Reform proposals offering greater justice in individual cases

Private Law Gazette 2/2021 – In Germany freedom of testation prevails. This notion flows from the principle of private autonomy: We can freely dispose of our property and therefore also determine by means of a will to whom our assets will pass in the event of death. The right to receive a compulsory portion sets limits on this power of disposal. The closest family members are entitled to a fixed share of the estate that they can claim against the heirs. "But is that appropriate in every case?", asks Institute Director Reinhard Zimmermann, who has for many years been researching historical and international developments in succession law.

Together with an international study group established by him, he has investigated how other countries regulate the protection of the closest family members in the law of succession. The result of this research has fed into a working group within the Institute, also set up by Reinhard Zimmermann which has drafted a concrete proposal suggesting the replacement of the right to a compulsory portion with a model based on the need for maintenance.

Fixed share for the closest family members

The idea of a “right to a compulsory portion” originated in Austrian law, where it was first implemented in the Allgemeines Bürgerliches Gesetzbuch (ABGB) of 1811. The German legislature adopted this concept in the Bürgerliches Gesetzbuch (BGB), which came into force in 1900. At the same time, it rejected the introduction of a “right of forced heirship” based on the model of the French Code civil of 1804.

Both the right to a compulsory portion and of forced heirship are mechanisms affording family members fixed-share participation in the estate of the deceased. But while in the one case a fixed share is reserved for them so that they become "heirs" in the sense of "fixed heirs", in the other case the closest family members receive only a claim under the law of obligations against the heir or heirs for a certain share of the estate. Under German law, this amounts to half of their intestate share of the estate, i.e., the share the family member would have received had there been no will.

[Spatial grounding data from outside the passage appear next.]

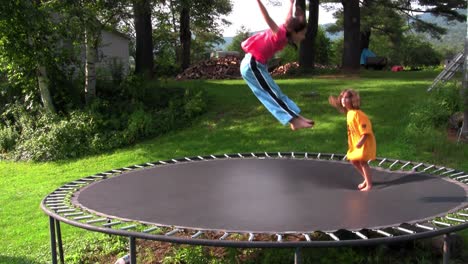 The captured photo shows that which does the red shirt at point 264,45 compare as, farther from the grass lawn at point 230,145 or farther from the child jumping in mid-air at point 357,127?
the grass lawn at point 230,145

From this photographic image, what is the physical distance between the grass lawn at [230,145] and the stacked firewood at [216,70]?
354 cm

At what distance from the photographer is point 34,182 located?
219 inches

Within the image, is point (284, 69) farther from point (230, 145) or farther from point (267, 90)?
point (267, 90)

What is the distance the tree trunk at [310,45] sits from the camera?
37.9 feet

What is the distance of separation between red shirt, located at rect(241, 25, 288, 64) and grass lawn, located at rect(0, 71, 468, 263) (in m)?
1.90

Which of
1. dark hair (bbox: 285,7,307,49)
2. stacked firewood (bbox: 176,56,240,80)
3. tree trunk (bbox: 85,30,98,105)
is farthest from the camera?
stacked firewood (bbox: 176,56,240,80)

The imperative of family solidarity

What values and expectations are associated with what is commonly referred to as the compulsory portion? “It is a matter of striking a balance between the principle of freedom of testation and the moral imperative of family solidarity”, says Reinhard Zimmermann. “Both are deeply anchored in our legal system. Testamentary freedom is protected by the Basic Law. The compulsory portion, in the opinion of the Federal Constitutional Court “extends the mutual duties of assistance and respect – principles generally shaping family life – into the law of succession.”

Compulsory portion versus maintenance

Accordingly, the participation of family members in the estate is to be derived from the legal position that existed during the lifetime of the testator. "This is indeed a correct perspective. Yet, it argues against rather than in favour of a compulsory portion", Zimmermann concludes: “For, after all, it is claims to maintenance and not claims to a compulsory share that exist during one's lifetime.”

Comprehensive comparative analysis

Over the course of a year, the nine-member working group within the Institute under Zimmermann’s leadership analysed the fairness of the right to a compulsory portion and considered all relevant problem areas. For historical and comparative orientation, all European legal systems were examined as well as those elsewhere around the world influenced by European law. What picture emerged from this inquiry?

The private law codes of Western Europe are all characterized by fixed share participation. In a number of post-socialist states in Central and Eastern Europe, by contrast, the right to a compulsory portion or forced heirship is based on a needs-based test. Children are entitled to a share only if they are minors or disabled; surviving spouses are protected by the marital property regime in a number of legal systems.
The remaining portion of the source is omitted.